--- Data to process ---
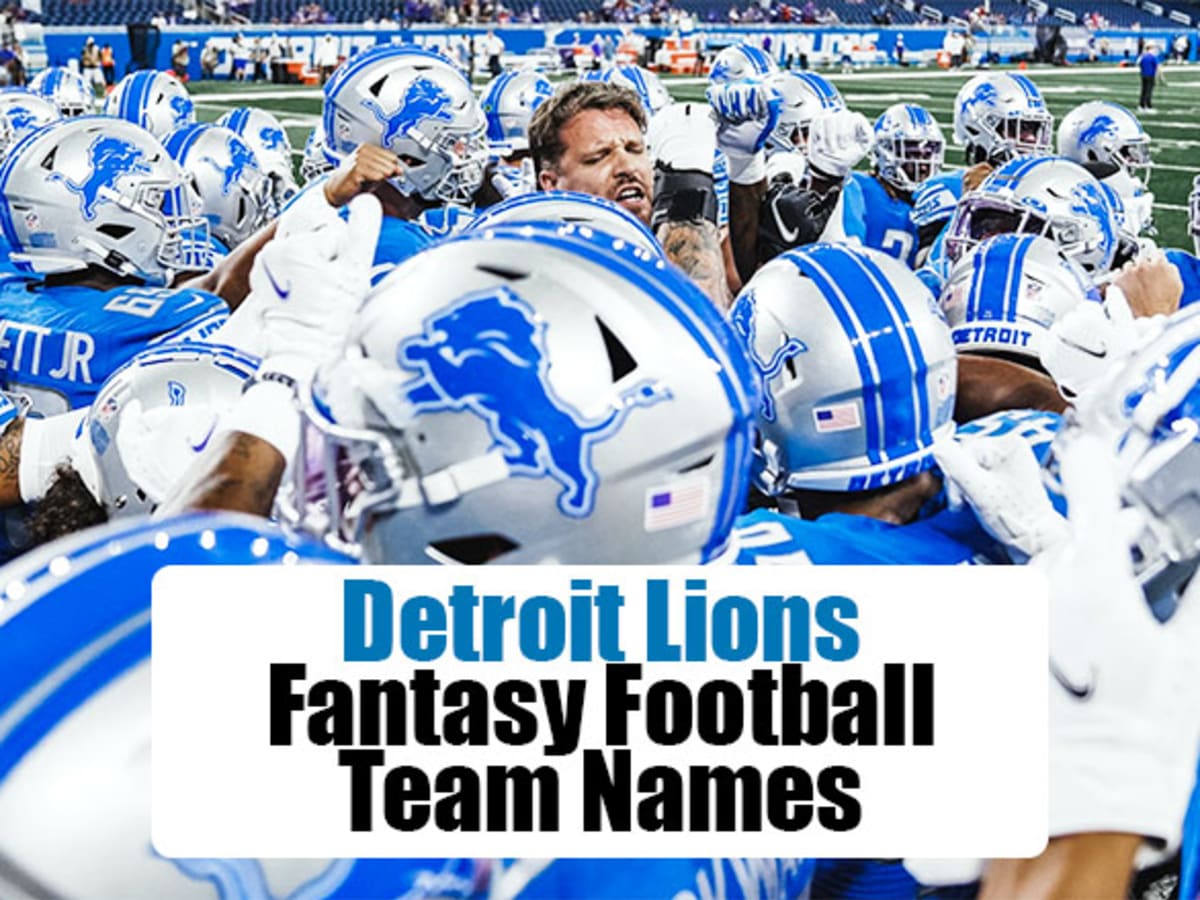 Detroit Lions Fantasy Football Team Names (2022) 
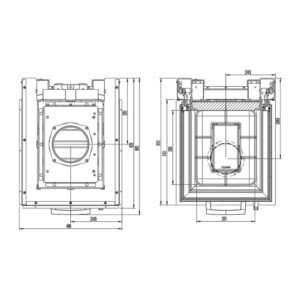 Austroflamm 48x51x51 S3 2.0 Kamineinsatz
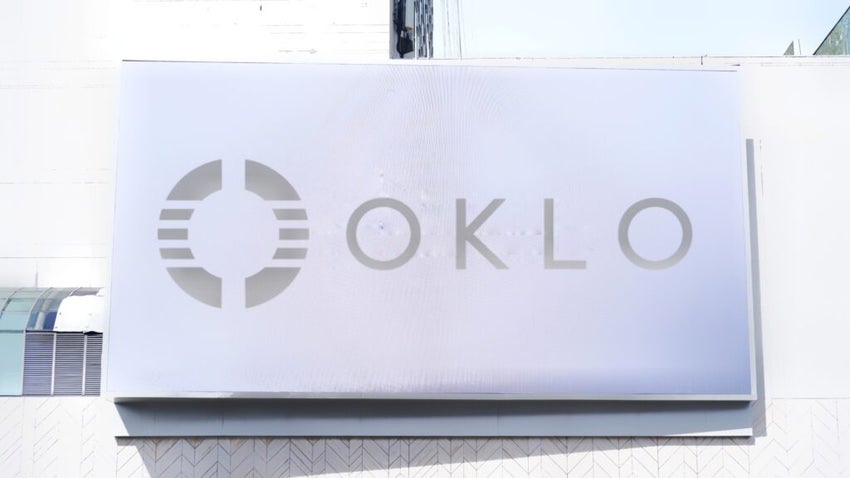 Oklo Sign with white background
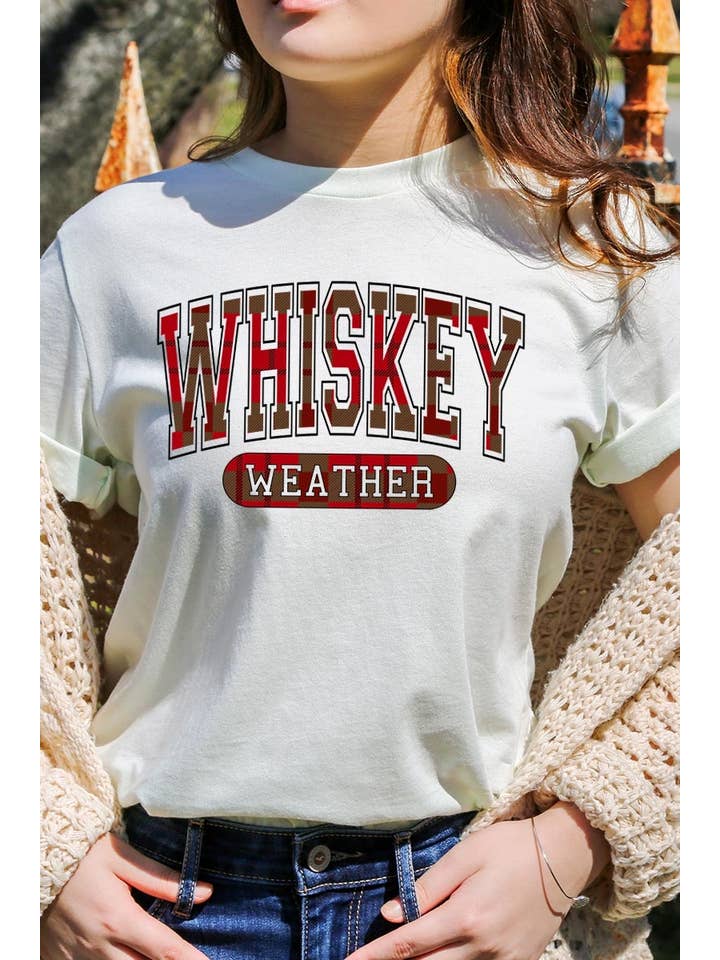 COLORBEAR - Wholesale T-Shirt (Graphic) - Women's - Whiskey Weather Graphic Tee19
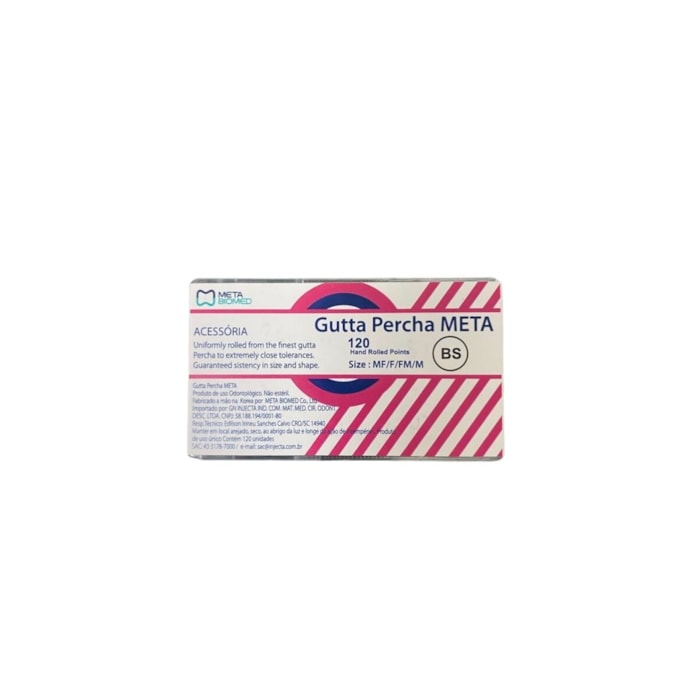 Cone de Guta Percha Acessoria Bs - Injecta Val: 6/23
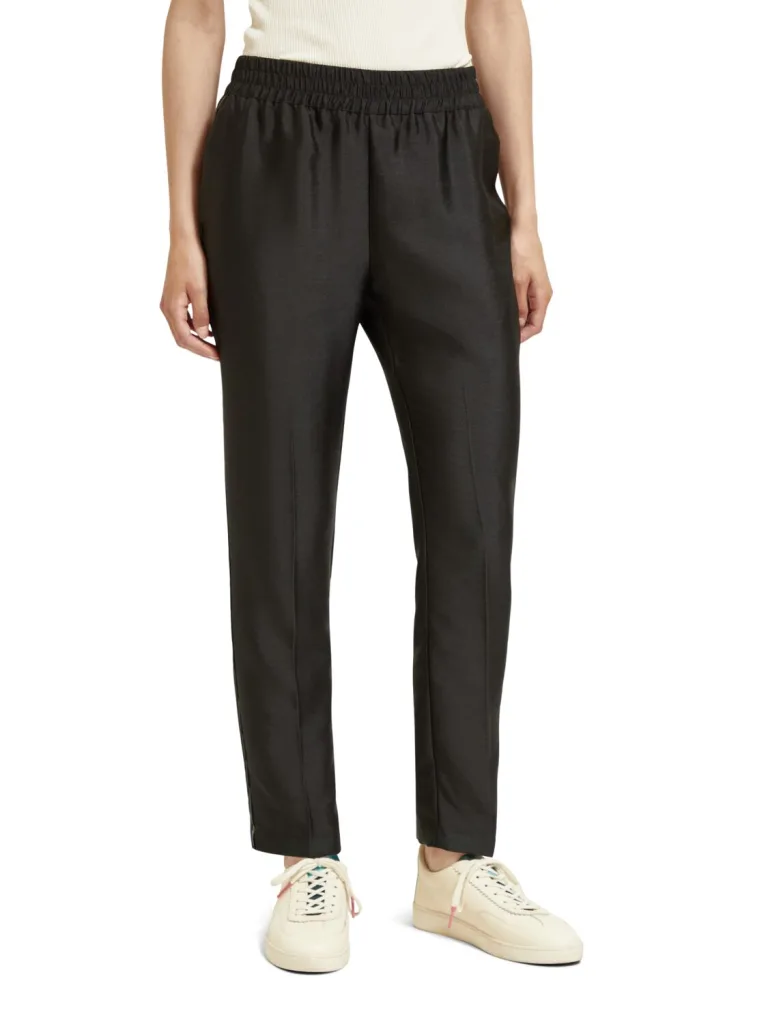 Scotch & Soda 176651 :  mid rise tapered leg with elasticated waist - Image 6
---
_About this exercise_: Take the line with "Oklo Sign with white background" and every line after it through the end of the data, and write only them out exactly, leaving out the pictures.

_Response below_:
 Oklo Sign with white background
 COLORBEAR - Wholesale T-Shirt (Graphic) - Women's - Whiskey Weather Graphic Tee19
 Cone de Guta Percha Acessoria Bs - Injecta Val: 6/23
 Scotch & Soda 176651 :  mid rise tapered leg with elasticated waist - Image 6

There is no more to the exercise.